# My Standardbred (roached back or not?)



## Sugarcube (Dec 29, 2010)

I recently adopted this beautiful 8 year old ex pacer. Freya has a temperament to die for, just so calm and willing! And needless to say that she is going amazingly under saddle... But I've noticed that her back looks very straight compared to my friend's horses (they live in the same paddock). She is not in any sort of pain as I always massage her back before and after a ride and get no response, just her being relaxed and slightly leaning onto me to get more pressure  So, here's the photos! Please note she looks quite skinny as she's only just been rescued and is now on expensive conditioning pellets, and of course the classic chaff, jockey oats, linseed and minerals and endless quality hay supply. 

























Sent from my D5833 using Tapatalk


----------



## tinyliny (Oct 31, 2009)

The pictures don't show a reached back, only a straight one. She's pretty , and not so terribly thin, either


----------



## DraftyAiresMum (Jun 1, 2011)

Do you have a pic of her standing at least semi-square that's taken from the side? There's something in that pic of her walking that's bothering me about her back/hind that I can't quite put my finger on...
_Posted via Mobile Device_


----------



## Sugarcube (Dec 29, 2010)

That's all the photos I have from her without the saddle on so far... I managed to get her to canter up the hill for the first time this morning and she did it so smoothly!

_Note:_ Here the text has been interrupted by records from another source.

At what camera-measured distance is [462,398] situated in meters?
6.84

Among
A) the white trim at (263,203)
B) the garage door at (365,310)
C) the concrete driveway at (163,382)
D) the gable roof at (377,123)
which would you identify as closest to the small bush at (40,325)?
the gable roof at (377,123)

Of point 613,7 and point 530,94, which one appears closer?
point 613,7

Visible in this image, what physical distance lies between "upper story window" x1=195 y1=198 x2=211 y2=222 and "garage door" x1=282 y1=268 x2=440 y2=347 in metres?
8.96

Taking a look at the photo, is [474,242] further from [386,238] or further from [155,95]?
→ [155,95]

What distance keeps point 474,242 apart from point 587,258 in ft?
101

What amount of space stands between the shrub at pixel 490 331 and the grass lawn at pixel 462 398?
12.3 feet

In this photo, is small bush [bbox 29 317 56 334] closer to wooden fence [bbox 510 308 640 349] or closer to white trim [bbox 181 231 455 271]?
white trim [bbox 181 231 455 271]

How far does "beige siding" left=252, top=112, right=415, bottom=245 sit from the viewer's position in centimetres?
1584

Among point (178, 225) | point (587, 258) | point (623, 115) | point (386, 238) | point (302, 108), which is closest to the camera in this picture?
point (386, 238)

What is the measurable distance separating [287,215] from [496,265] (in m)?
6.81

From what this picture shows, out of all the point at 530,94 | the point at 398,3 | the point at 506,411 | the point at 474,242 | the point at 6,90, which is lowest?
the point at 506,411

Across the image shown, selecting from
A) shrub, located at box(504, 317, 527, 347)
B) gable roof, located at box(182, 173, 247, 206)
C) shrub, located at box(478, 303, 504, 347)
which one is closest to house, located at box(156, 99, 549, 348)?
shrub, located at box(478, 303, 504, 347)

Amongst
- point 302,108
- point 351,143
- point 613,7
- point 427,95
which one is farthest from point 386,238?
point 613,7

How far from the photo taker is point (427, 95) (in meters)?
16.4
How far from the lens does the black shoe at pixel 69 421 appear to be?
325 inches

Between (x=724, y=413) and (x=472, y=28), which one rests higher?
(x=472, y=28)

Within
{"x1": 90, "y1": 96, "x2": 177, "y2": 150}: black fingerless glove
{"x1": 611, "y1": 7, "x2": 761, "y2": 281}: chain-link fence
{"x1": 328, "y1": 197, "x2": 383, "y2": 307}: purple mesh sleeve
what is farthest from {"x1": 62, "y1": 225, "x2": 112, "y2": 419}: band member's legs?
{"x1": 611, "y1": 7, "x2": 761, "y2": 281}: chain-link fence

Sent from my D5833 using Tapatalk


----------



## jaydee (May 10, 2012)

I can't really tell from those photos of she has a bump along her back or not - I don't think she's roach back based off them but she does lack topline from needing to carry more weight and build up some muscle


----------



## Sugarcube (Dec 29, 2010)

Thanks for the replies guys, she certainly does lack topline (I can feel her bony back when we ride bareback) but I am feeding her very well so I'm hoping to see improvement. What is the best feed to help them gain weight fast?

Sent from my D5833 using Tapatalk


----------



## Golden Horse (Feb 20, 2010)

Sounds from your first post that you are on top of the weight building, as much hay as she wants, plus the extras, it was fun translating them, Aussies use words that I am familiar with from the UK, Linseed is flax here in North America.....

I take it that you have checked her worm burden and wormed if needed, and also had her teeth checked? Those things make sure that all that good grub actually get used properly.

She looks to have good enough weight that you can be doing work with her to help her build muscle at the same time.


----------



## Sugarcube (Dec 29, 2010)

Haha, sorry I forgot to mention I'm in Australia 

She's had her teeth done a week ago but I'm actually not sure about when she was wormed last, I better get on to that asap, thanks for the tip!

Sent from my D5833 using Tapatalk


----------



## Saddlebag (Jan 17, 2011)

Pacers move differently from trotters and they develop a different topline. The trotters are more high headed and hollow backed. Trotting is tougher on the front joints whereas pacing is tougher on the hocks. This was told me by a groomsman at the track. It will take time but as the horse is worked in a correct frame, a slow process, it's top line will change.


----------